CorWave has reported promising early results for its left ventricle assist device (LVAD) system, which has the features of pulsatility and a blood speed close to the physiological pace and can be implanted with minimally invasive surgery. The results were presented at 10th European Mechanical Circulatory Support meeting (EUMS; 2–5 December, Paris, France).
The results were presented in a poster session at EUMS and during a session dedicated to innovative technologies, and showed that the pump will be able to fully support a patient in pulsatile mode based on the high hydraulic power generated by the pump and its ability to instantly change flow rate.
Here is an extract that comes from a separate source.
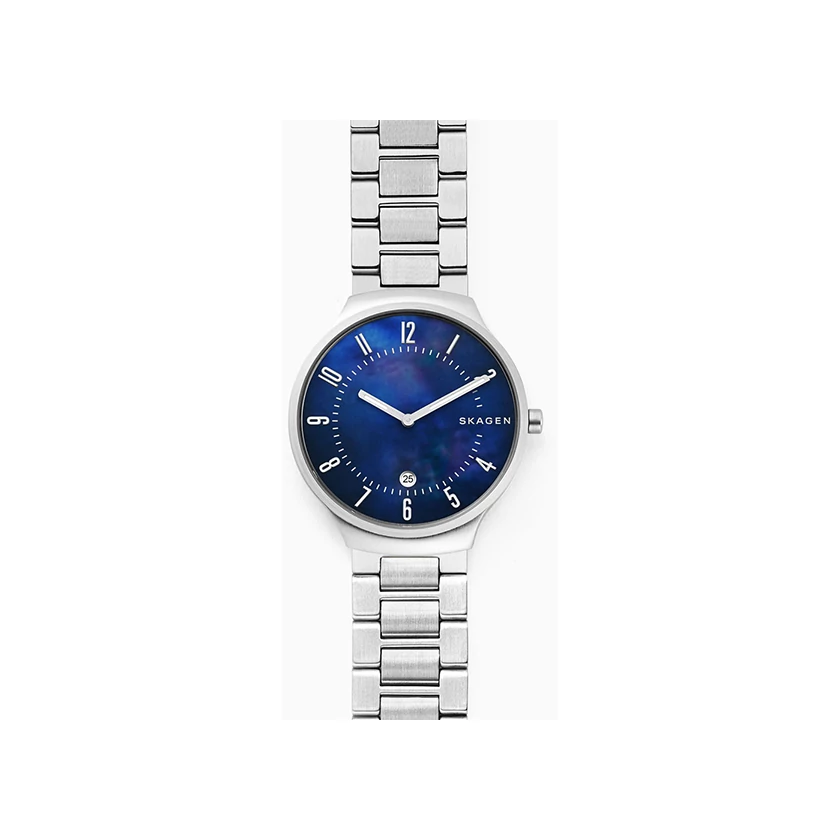 Skagen férfi óra - SKW6519 - Grenen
The CorWave physiologic pulsatile function has been proven to be successful in in vitro and in vivo environments.
Mechanical pumps can significantly extend the life of late-stage heart failure patients. However, patients implanted with current devices experience significant adverse effects such as strokes, haemorrhages, clots or gastrointestinal bleeding, resulting in re-admission to hospital and reduced quality of life. The CorWave technology aims to reduce these adverse events, significantly improving the patient’s quality of life and cutting the overall cost of treatment.
Using a completely novel approach, CorWave has developed a system based on a wave membrane. The undulating polymer membrane gently pushes the blood on both sides of a membrane, from the outer edge to the inner orifice, where it exits the pump. The instantaneous change in output of the CorWave pump produces a pulsatile flow that mimics the action of the heart. Despite its small size, the CorWave device can pump 4 to 10L/min and therefore totally replace heart function. The blood velocity induced by the pump (1.5m/sec) is similar to the blood velocity of a healthy heart and much lower than the ones observed in rotary pumps (4-10 m/sec).
Carl Botterbusch, CTO of CorWave, says: “We believe the gentle movement of the membrane will allow for less alteration of the blood, leading to fewer complications.We are working on another version of the pump based on a tubular shaped membrane which will combine minimally invasive surgery and physiologic pumping.”